What to work on:
Go line by line through the data and copy those with the word "Photo".

Excerpted records:
"""

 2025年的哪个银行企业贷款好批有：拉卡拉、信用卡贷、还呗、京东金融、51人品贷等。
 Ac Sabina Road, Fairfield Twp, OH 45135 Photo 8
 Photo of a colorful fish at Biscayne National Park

"""
"""

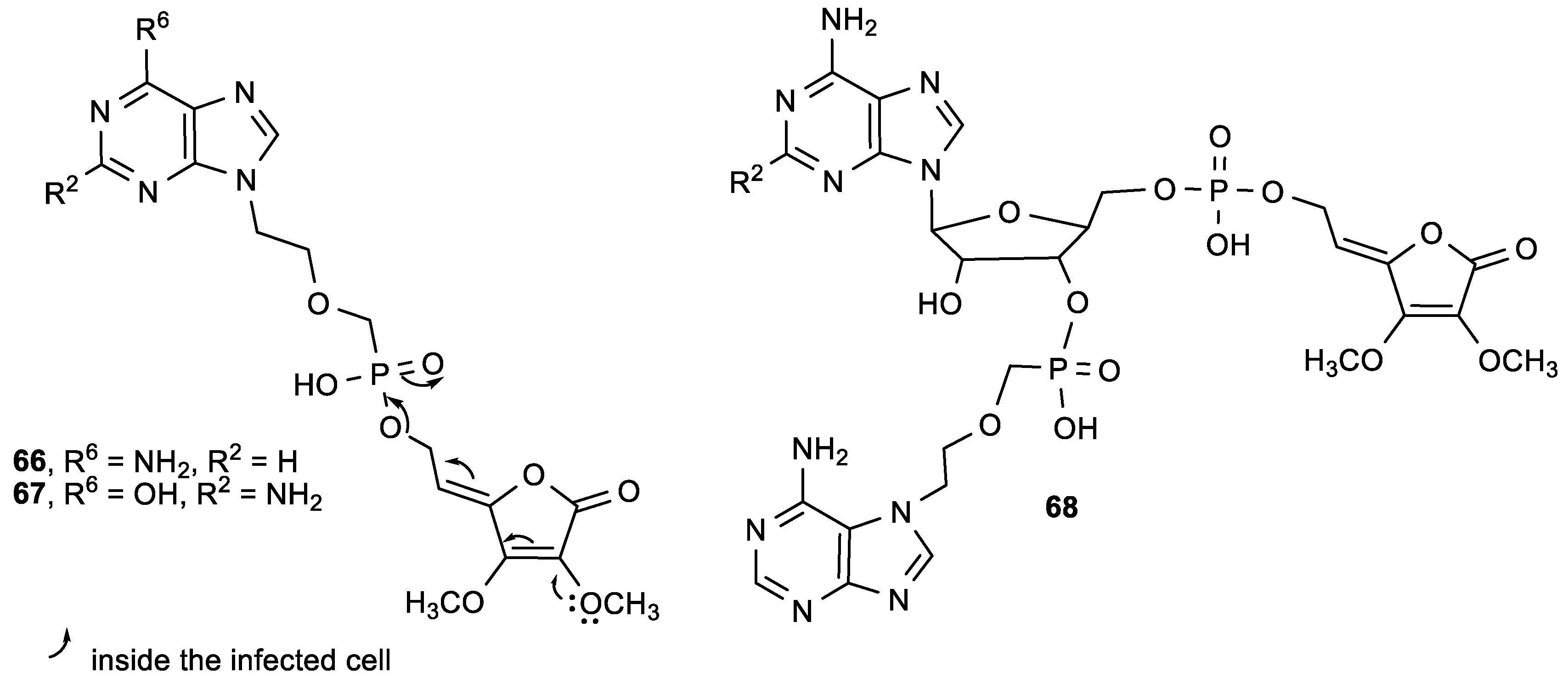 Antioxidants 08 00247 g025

"""

Finished task:
 Ac Sabina Road, Fairfield Twp, OH 45135 Photo 8
 Photo of a colorful fish at Biscayne National Park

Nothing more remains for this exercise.